Have to investigate if the others need fixing.
Comment 6 Kevin A. McGrail 2019-08-04 18:46:14 UTC
I'm a 0 on this.  I haven't see this proposed for default on dev@ or users@ and would like to see that done.  I know I have some rules that fire differently with normalize_charset.
Comment 7 Henrik Krohns 2019-08-04 18:47:49 UTC
(In reply to Kevin A. McGrail from comment #6)
> I know I have some rules that fire differently with normalize_charset.

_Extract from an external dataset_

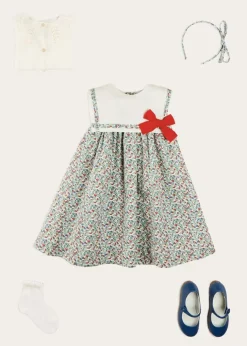 Lookbooks | Pepa London Evelyn Floral Sleeveless Bow Detail Trapeze Dress in Red (12mths-8yrs) | Openwork Cotton Cardigan in Cream (6mths-10yrs) | Evelyn Floral Thin Bow Hairband in Red | Openwork short socks White (0mths-8yrs)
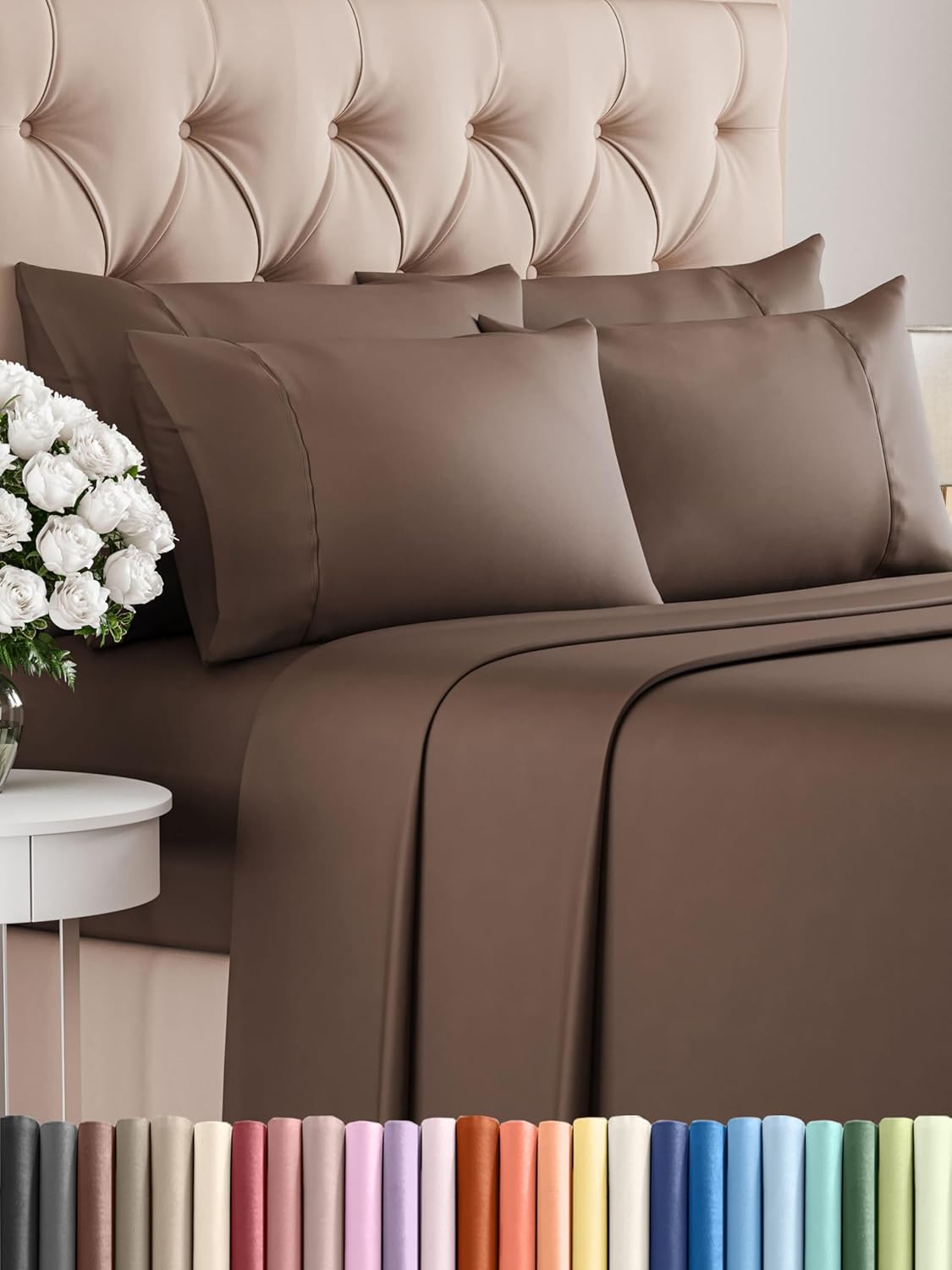 King 6 Piece Sheet Set - Ultra Soft Cooling Sheets for Comfort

Could you show some examples?
Comment 8 Kevin A. McGrail 2019-08-04 19:10:31 UTC
Sure, here's one example:

#ZWNJ
#ZWNJ 200C 157 https://en.wikipedia.org/wiki/Windows-1256
# Also want to look at Unicode U+200C. 
# Also 'zero-width joiner' which is Windows-1256 0x9E and Unicode U+200D. $a

# Per RW, switching for this to work with 'normalize_charset 1', \x9d needs to be replaced with (?:\x9d|\xe2\x80\x8c)
mimeheader      __KAM_ZWNJ1     Content-Type =~ /charset.+windows-1256/i
body            __KAM_ZWNJ2     /(?:\x9D|\xe2\x80\x8c)/
tflags          __KAM_ZWNJ2     multiple maxhits=16
body            __KAM_ZWNJ3     /\&\#x200B;/i
Comment 9 Henrik Krohns 2019-08-04 19:14:37 UTC
Well yes that pretty much sums up what was already said in this bug. You can't expect to match extended ascii characters like before. It's nothing but a documentation issue.
Comment 10 Kevin A. McGrail 2019-08-04 19:19:42 UTC
Well for it to be the default in 4.0.0, I'd like it to be discussed on list, please.
Comment 11 Henrik Krohns 2019-08-04 19:27:36 UTC
This bug already floods dev@ list, if someone wants to chime in, feel free.

I have no intention of spending time posting on users@ at this stage, when it's still only on idea and much left to do. Developers are the ones who need to steer this ship.